So why this sudden break from the ages old love affair with the American right of passage, the automobile? What is causing this sudden surge in desire for a more public transit options? There are likely a diverse combination of reasons, including the obvious and unprecedented amount of debt that college student are saddled with during and after college. But there are more interesting and unappreciated factors that are contributing to this trend.

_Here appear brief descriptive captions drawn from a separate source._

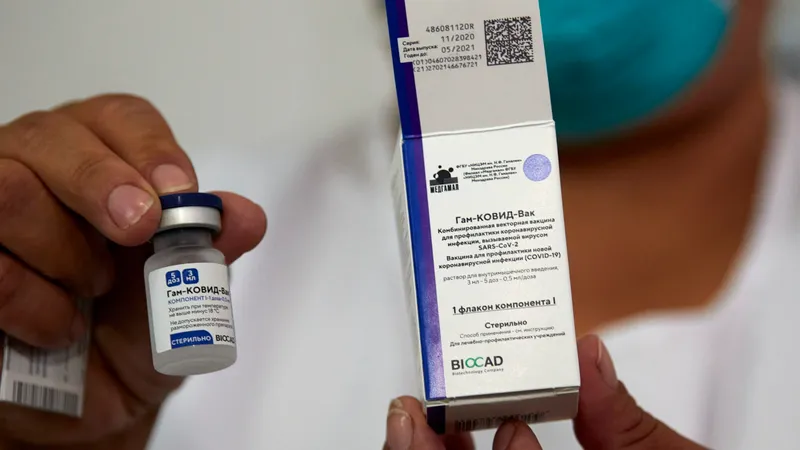 Vaccinul anti-COVID Sputnik V/FOTO: Getty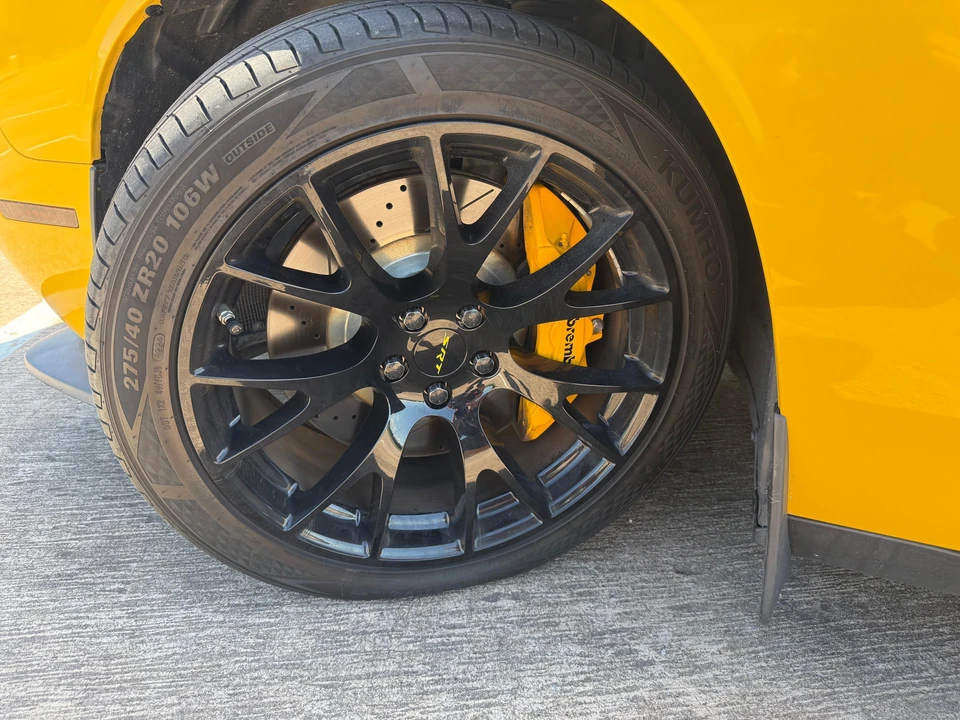 2017 Dodge Challenger SRT Hellcat 3rd Gen - Image 29 of 31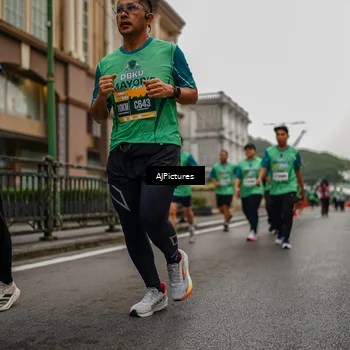 Runner Photo 8588197
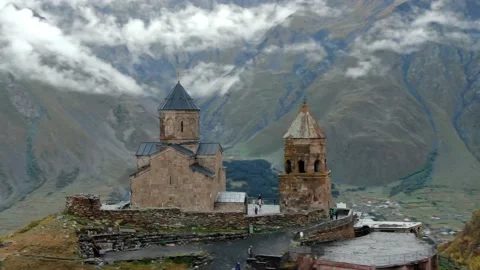 Gergeti Trinity Church in clouds after rain near Village Of Gergeti and Kazbek 库存影片 237767389
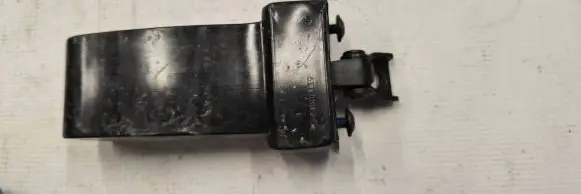 Skoda Yeti (5L) Rear door check strap stopper 5L0839249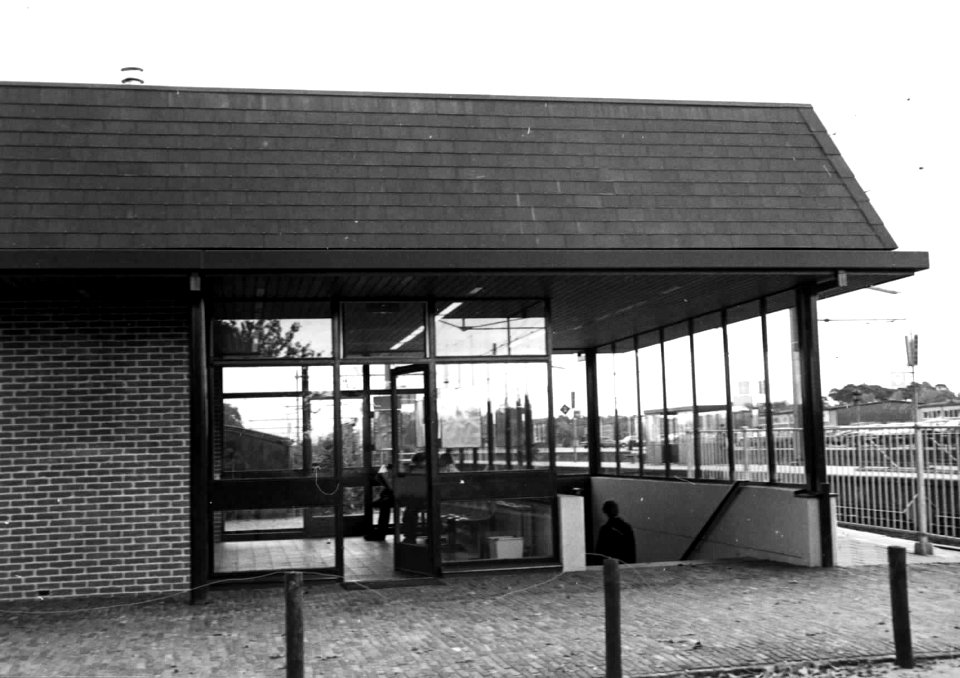 HUA-150377-Gezicht op het N.S.-station 't Harde te 't Harde met de toegang tot de perrontunnel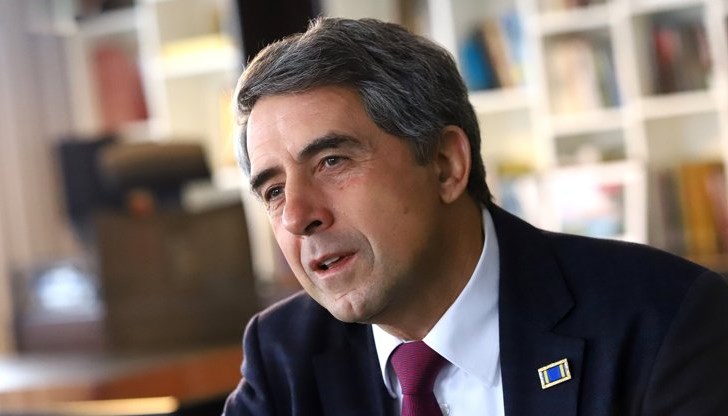 Около Румен Радев има само агенти на "Държавна сигурност", допълни още Плевнелиев Около Румен Радев има само агенти на "Държавна сигурност", допълни още Плевнелиев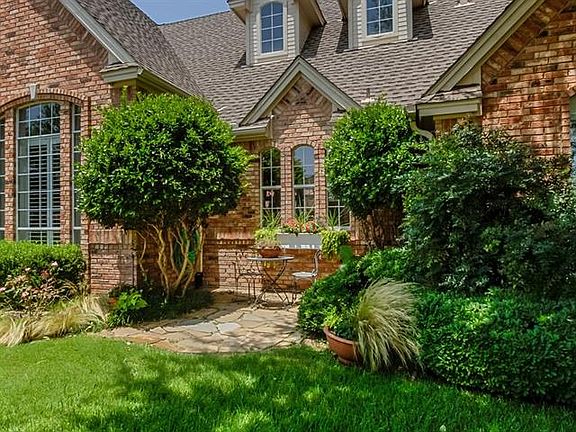 2nd image of 2506 Highland Dr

The Rise Of Mobile Technology
While theories abound regarding the skyrocketing desire for transit options in our cities, there is one that virtually everyone understands and agrees with. Smart phones, tablets and mobile technology allows everyone from the hoodie-wearing student to the suit-and-tie business person to access and transmit information on the go. Checking email, making a call, booking a flight, researching a science project… these were all activities that, just a few years ago, could only be accomplished from a desktop computer, or maybe even a clunky laptop. For me personally, as a professional photographer, I can send an invoice and a contract, write a blog post and watch a YouTube video about cats that attack people, all while riding an Amtrak train to Utica, Rome, Schenectady or somewhere else. If I was driving a car, I couldn’t get that work done, nor could I have a good laugh over a fat calico fly tackling a toddler.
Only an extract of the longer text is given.